I'm a little unsure. Here goes though. You have:

$\frac{\partial^2 z}{\partial v \partial n}=\frac{1}{2n}\frac{\partial z}{\partial v}$

and if the function is well-behaved, then:

$\frac{\partial^2 z}{\partial n \partial v}=\frac{1}{2n}\frac{\partial z}{\partial v}=\frac{\partial}{\partial n}\frac{\partial z}{\partial v}=\frac{1}{2n}\frac{\partial z}{\partial v}$

Let $\frac{\partial z}{\partial v}=g(n,v)$ then we have $\frac{\partial g}{\partial n}=\frac{1}{2n}g$ which is an ordinary DE in the variable n with v kept constant.

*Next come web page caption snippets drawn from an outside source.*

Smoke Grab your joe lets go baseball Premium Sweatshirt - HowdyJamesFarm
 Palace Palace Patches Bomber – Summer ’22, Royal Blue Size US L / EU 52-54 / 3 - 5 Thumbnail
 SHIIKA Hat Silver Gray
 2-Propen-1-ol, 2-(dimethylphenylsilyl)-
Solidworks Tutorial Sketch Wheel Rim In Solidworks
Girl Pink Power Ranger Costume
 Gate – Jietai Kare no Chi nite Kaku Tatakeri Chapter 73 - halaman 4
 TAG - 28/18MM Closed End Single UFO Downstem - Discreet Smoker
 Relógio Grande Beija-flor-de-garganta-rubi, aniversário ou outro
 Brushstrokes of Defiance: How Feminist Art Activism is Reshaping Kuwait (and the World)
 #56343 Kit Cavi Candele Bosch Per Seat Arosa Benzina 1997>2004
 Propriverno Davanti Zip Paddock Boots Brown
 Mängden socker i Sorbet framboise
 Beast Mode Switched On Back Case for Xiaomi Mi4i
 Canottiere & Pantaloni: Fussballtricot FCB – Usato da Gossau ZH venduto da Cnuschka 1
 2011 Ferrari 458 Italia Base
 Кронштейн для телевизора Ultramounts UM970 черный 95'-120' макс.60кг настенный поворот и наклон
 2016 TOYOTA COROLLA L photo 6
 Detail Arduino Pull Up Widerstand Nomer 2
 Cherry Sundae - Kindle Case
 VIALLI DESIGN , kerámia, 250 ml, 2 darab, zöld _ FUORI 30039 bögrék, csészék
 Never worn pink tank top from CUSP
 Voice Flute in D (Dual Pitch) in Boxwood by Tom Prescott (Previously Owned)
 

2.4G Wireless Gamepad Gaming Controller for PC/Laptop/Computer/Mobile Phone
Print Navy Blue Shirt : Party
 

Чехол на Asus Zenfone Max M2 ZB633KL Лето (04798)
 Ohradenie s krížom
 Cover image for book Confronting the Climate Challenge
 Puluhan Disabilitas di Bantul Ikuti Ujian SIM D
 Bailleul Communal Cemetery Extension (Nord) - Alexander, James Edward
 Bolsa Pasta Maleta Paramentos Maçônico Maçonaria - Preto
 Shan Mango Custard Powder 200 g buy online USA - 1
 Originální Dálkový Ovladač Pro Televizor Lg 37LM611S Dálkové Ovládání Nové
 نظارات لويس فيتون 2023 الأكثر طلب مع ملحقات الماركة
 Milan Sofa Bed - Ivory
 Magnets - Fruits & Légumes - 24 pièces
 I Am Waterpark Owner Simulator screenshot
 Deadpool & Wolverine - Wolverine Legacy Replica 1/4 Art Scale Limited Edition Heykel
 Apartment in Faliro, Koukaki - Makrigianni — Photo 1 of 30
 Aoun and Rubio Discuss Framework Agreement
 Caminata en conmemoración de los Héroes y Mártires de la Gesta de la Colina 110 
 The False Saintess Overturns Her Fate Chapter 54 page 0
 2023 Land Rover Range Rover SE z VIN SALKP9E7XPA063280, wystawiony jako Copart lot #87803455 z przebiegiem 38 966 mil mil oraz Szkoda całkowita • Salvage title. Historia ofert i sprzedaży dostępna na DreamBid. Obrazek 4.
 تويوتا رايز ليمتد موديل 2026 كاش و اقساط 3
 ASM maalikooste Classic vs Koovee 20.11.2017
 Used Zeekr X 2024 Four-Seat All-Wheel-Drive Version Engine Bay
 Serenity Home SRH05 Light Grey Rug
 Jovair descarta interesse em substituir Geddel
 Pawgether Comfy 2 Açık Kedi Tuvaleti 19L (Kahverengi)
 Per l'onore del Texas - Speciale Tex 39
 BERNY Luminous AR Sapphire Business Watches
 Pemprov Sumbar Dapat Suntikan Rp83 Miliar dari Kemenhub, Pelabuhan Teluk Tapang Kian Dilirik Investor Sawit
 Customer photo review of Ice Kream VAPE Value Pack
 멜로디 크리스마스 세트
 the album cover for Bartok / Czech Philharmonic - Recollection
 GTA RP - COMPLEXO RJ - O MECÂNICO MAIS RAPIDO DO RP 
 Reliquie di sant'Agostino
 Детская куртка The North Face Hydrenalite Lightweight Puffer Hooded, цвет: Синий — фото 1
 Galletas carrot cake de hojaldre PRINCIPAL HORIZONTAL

Then:

$\frac{dg}{dn}-\frac{1}{2n}g=0$ (**)

Solving via integrating factor and noting that the constant of integration is now an arbitrary function of v, I obtain:

$d\left[n^{1/2}g\right]=0$

and so:

$g(n,v)=n^{-1/2} H(v)$ with $H(v)$ arbitrary.

Now:

$\frac{\partial z}{\partial v}=n^{-1/2} H(v)$

so that:

$z(n,v)=n^{-1/2}\int H(v) dv+G(n)$

I agree in the most part except for a negative (**) separates. Also since $H(v)$ is arbitrary we can let $\tilde{H} = \int H(v)\,dv$

@ Katy. You could also introduce the coords

$n = \ln x + \ln y,\;\; v = \ln x - \ln y$

to obtain the new PDE

$u_{nv} = \frac{1}{2} u_v$ - maybe a little easier.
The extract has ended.